Witnesses - Killing Streets #1
Out of the ashes of sixty-nine arises a hero, but Tim Regan is not the hero you expect. All heroes' true tests are in their inner world, and Tim's feat is to somehow remain a teenager amidst the horror of early seventies Belfast. He struggles daily to keep his youth separate from The Troubles, but in a war like this; everything and everybody is entangled, and Tim's struggles increase until something must break. But what is it that breaks? Not his rightful measure of innocence, and not his dedication to The Cause.
But it is because this is no romanticised version of recent Irish history, that this book is so powerful.
Laid out before us is the sheer brutality and evil of some of the Provisional IRA, their entanglement with the Special Branch and MI5, and details of how the systems and structures put in place by IRA command, accidentally paved the way for crooks and psychopaths to take over the army, and manipulate The Cause to their own ends.

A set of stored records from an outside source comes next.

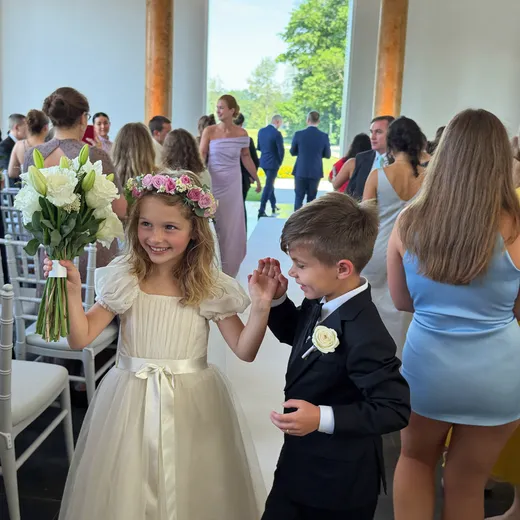 Cortège d'enfants d'honneur, mariage à Paris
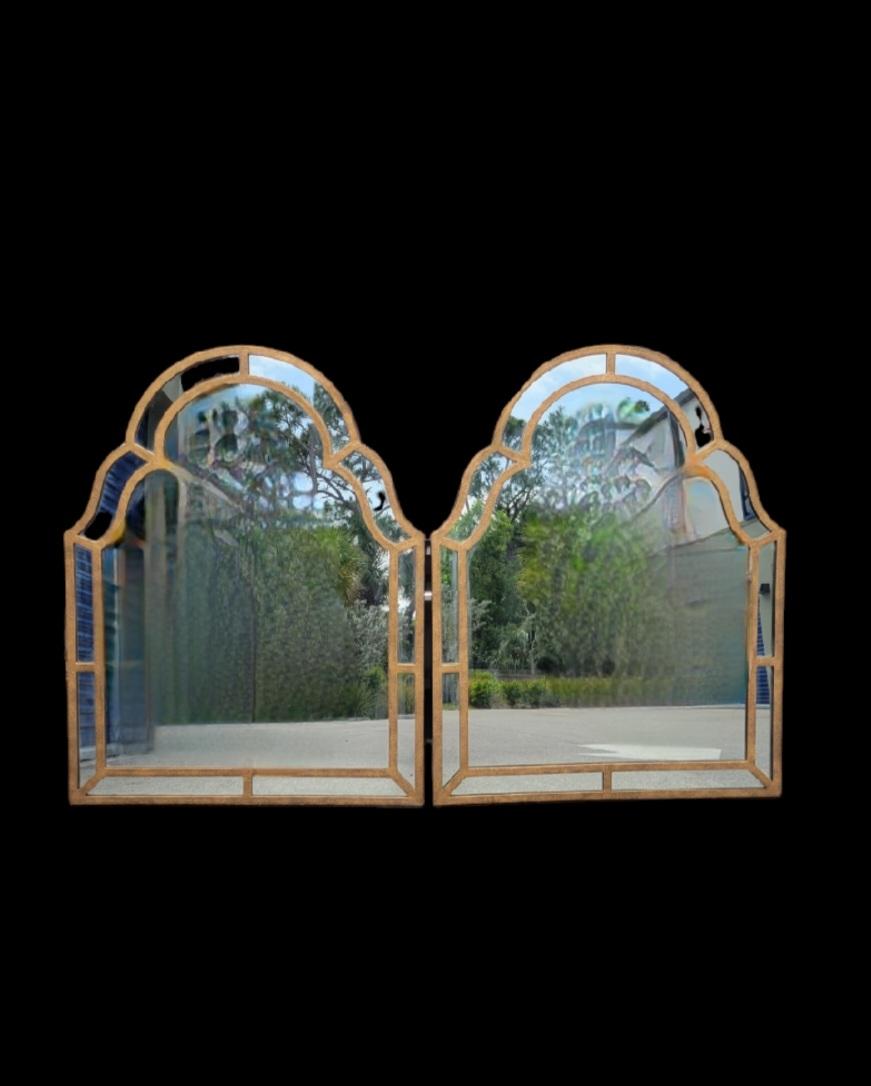 Hollywood Regency Paire de miroirs muraux monumentaux en forme de pagode arquée d'or martelé de style Guild en vente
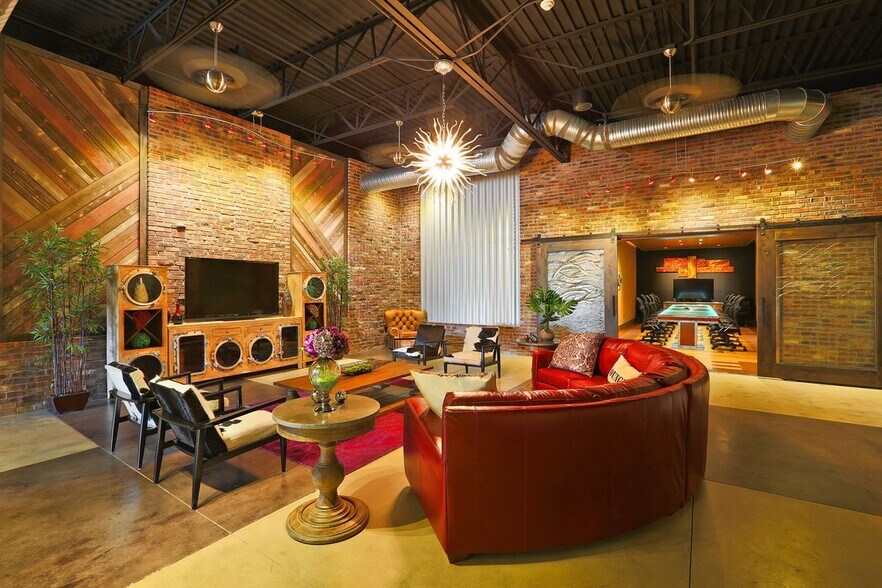 More Photos Of 170 N Perry Rd, Plainfield Freestanding For Lease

The fact that Larkin has been able to retain the essential innocence of his main character, Tim's teenage years, in the midst of this horror, is a testament to his writing skills, and to the resilience of humanity.
For here we have a boy who fights for a cause while knowing that the very organisation he has joined is riddled with corrupt and traitorous imposters. And while fighting against corruption from the inside, and the British State on the streets of Belfast, Regan managing to take on a seemingly ordinary journey through the highs and lows of the early seventies, through the disco's and unrequited love. The fumbling sex, the banter, and the squabbles of youth.
The fact that Larkin pulls this off shows some breath-taking skill.
This book is A Tree Grows in Brooklynby a writer who must have lived this life or at least had access to someone who did. Many of the details are such, that no-one could invent them. There's no doubting that Larkin has come from a far darker place than some, and how he got to here, astounding.
It is therefore uplifting that Tim Regan survives his ordeal, (I hope he does, having not yet read the third book of The Killing Streets Series), but it is even more uplifting that Larkin himself has survived the ordeal and gone on to become a brilliant writer, a schennachie, which is the highest praise of all in Celtic culture. Tiocfaidh ar la, means our day will come in Irish. Larkin's day has come.
Finally, any last vestiges of romance for the Provisional IRA will be challenged when you read his Books, because what makes Larkin's Books different from all the literature of the troubles is that it isn't just a report of what someone's involvement was. He has made art from it, and in doing so, told a deeper truth.
I'm from an Irish Catholic storytelling background and can see this in Larkin's work, and how he jives along telling the story, and Maggie Doyle; what a tragic character.
The story between her and Tim Regan is what I would shoot if it was a movie, and probably from Maggie Doyle's point of view.
Larkin also provides a soundtrack by naming each chapter after a song from that tight period. I'd forgotten just how good some early seventies music was, and a quick click on Youtube will draw you down deep into his world. The Song Titles for the Chapters takes me back to the 1970s; Everything about that culture was replicated in Coatbridge, except the horrors.
The young girl who has the sight; the superstition below the religion, the family yarns. I could have been in my grannies.
I think it's only a matter of time until a mainstream publisher becomes interested.